Canadian auto industry profitable as early as 2010
January 20, 2010 by Manufacturing AUTOMATION
After an unprecedented year of upheaval, a return to profitability is on the horizon for Canada’s automotive sector, according to the Conference Board of Canada’s Canadian Industrial Outlook: Canada’s Motor Vehicle Manufacturing Industry – Autumn 2009.
“The Canadian auto industry appears to have turned a corner in the second half of 2009 and is expected to return to profitability in 2010,” said economist Sabrina Browarski. “However, production will remain below historical levels. Manufacturers will have to make concerted and ongoing efforts to streamline product line-ups, control costs, and innovate to maintain profitability.”

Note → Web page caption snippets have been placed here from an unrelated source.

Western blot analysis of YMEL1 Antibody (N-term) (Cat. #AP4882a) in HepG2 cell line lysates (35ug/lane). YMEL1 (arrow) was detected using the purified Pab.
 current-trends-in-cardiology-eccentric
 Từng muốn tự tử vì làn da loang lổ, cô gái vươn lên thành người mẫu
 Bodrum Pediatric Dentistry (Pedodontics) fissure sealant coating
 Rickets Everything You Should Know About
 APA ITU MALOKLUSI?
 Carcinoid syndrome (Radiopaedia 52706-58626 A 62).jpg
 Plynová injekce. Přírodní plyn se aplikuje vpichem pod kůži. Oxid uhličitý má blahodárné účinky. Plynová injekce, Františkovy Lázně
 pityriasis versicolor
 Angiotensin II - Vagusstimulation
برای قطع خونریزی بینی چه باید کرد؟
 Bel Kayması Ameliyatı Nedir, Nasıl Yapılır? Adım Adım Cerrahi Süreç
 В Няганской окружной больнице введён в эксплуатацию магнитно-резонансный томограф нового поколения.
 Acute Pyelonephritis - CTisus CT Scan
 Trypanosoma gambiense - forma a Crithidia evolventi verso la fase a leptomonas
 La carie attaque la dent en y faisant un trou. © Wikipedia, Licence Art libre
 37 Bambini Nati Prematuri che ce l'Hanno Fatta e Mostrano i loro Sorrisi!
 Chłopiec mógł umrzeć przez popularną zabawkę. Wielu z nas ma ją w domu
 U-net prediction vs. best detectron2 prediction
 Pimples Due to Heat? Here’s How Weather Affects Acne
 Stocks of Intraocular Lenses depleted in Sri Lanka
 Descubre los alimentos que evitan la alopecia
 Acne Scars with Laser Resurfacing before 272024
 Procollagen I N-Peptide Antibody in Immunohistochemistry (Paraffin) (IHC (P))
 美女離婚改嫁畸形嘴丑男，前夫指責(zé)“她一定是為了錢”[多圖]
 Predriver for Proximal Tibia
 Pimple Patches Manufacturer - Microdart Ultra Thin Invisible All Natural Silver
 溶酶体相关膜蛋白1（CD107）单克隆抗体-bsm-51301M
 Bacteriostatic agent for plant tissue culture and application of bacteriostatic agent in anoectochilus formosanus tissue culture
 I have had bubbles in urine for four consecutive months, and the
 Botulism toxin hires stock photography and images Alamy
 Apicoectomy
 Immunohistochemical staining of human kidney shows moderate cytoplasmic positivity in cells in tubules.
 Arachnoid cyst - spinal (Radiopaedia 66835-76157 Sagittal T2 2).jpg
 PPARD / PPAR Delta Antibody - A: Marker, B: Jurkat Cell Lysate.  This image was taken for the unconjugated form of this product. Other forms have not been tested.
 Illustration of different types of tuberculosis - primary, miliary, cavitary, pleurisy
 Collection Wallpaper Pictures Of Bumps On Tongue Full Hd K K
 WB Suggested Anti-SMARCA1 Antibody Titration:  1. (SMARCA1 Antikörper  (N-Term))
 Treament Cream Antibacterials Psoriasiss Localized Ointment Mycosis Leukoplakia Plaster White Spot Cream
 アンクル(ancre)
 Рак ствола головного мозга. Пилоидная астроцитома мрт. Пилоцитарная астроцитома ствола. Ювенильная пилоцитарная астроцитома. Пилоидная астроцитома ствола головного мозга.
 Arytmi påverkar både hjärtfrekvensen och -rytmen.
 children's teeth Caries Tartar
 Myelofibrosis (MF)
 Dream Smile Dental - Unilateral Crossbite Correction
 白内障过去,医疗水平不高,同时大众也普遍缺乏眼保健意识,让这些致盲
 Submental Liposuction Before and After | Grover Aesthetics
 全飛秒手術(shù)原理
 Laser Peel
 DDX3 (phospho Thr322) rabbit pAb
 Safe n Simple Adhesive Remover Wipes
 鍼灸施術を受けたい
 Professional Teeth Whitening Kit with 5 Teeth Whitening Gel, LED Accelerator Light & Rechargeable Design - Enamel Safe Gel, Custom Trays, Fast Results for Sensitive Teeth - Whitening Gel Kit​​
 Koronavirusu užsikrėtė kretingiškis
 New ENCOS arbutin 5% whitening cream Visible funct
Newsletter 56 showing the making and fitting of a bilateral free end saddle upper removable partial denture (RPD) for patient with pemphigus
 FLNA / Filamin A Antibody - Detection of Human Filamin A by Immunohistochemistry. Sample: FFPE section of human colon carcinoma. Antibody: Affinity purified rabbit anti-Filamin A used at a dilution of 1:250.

|“Manufacturers will have to make concerted and ongoing efforts to streamline product line-ups, control costs, and innovate to maintain profitability.”|
— Economist Sabrina Browarski
The industry will close 2009 with a pre-tax loss of $2.3 billion, but is expected to post a profit of $263 million in 2010. Good news will trickle into the motor vehicle industry gradually as the U.S. economy stabilizes and jobs are created through 2010. U.S. vehicle sales are expected to edge up to 11.6 million units in 2010, still well below their historic levels, but enough for industry revenues to rise by nearly 38 percent.
Canadian auto production virtually came to a halt at the beginning of 2009, operating at just 26 percent of capacity in January. For the year as whole, production will be barely half of what it was in 2007. Production is expected to steadily improve as U.S. car sales recover, but production will remain below its historic high in the medium term.